Your answer should be an exact copy of all the entries, free of pictures.
Start of Block
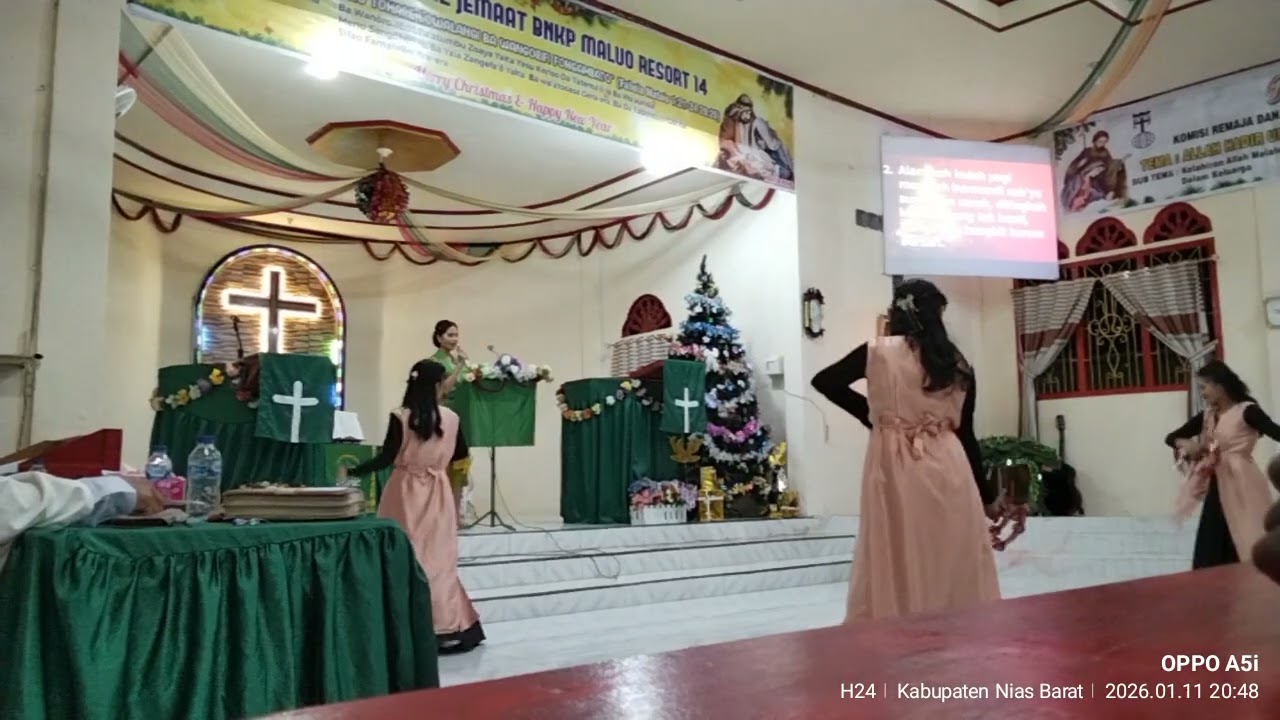 Maluo-Penari Tamborin BNKP Maluo di Perayaan Natal Koremda BNKP Maluo 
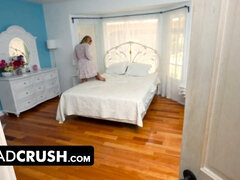 Schlafzimmer, Grosser arsch, Grosse titten, Blondine, Braunhaarige, Betrug, Hd, Natürlichen titten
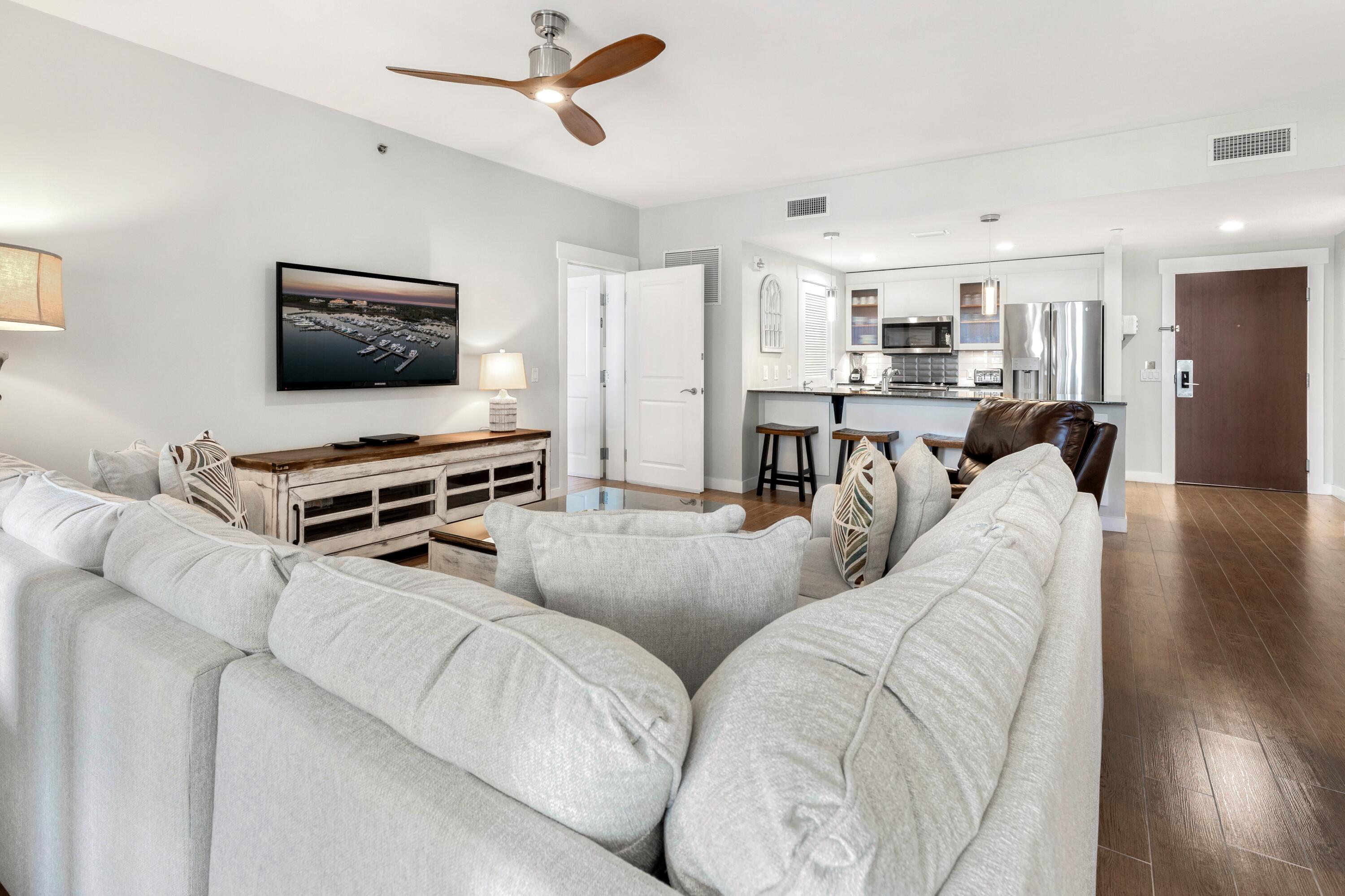 BAHIA CONDO - Residential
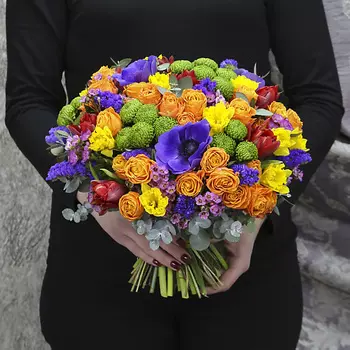 FLORPRO Букет из кустовых роз, анемонов, тюльпанов и нарциссов «Восход»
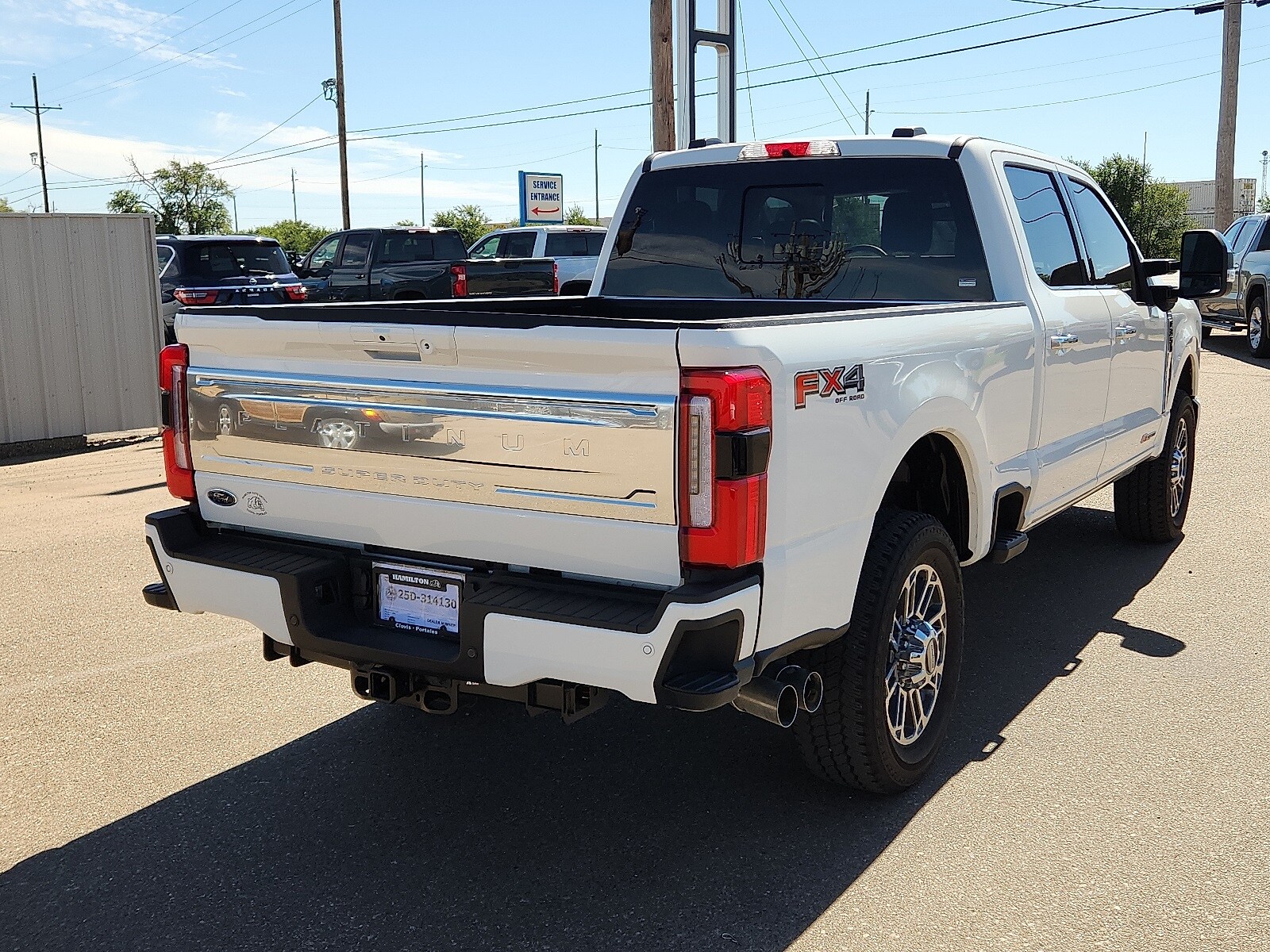 2025 Ford F-350 Platinum photo 2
End of Block
▸ Expected answer:
 Maluo-Penari Tamborin BNKP Maluo di Perayaan Natal Koremda BNKP Maluo 
 Schlafzimmer, Grosser arsch, Grosse titten, Blondine, Braunhaarige, Betrug, Hd, Natürlichen titten
 BAHIA CONDO - Residential
 FLORPRO Букет из кустовых роз, анемонов, тюльпанов и нарциссов «Восход»
 2025 Ford F-350 Platinum photo 2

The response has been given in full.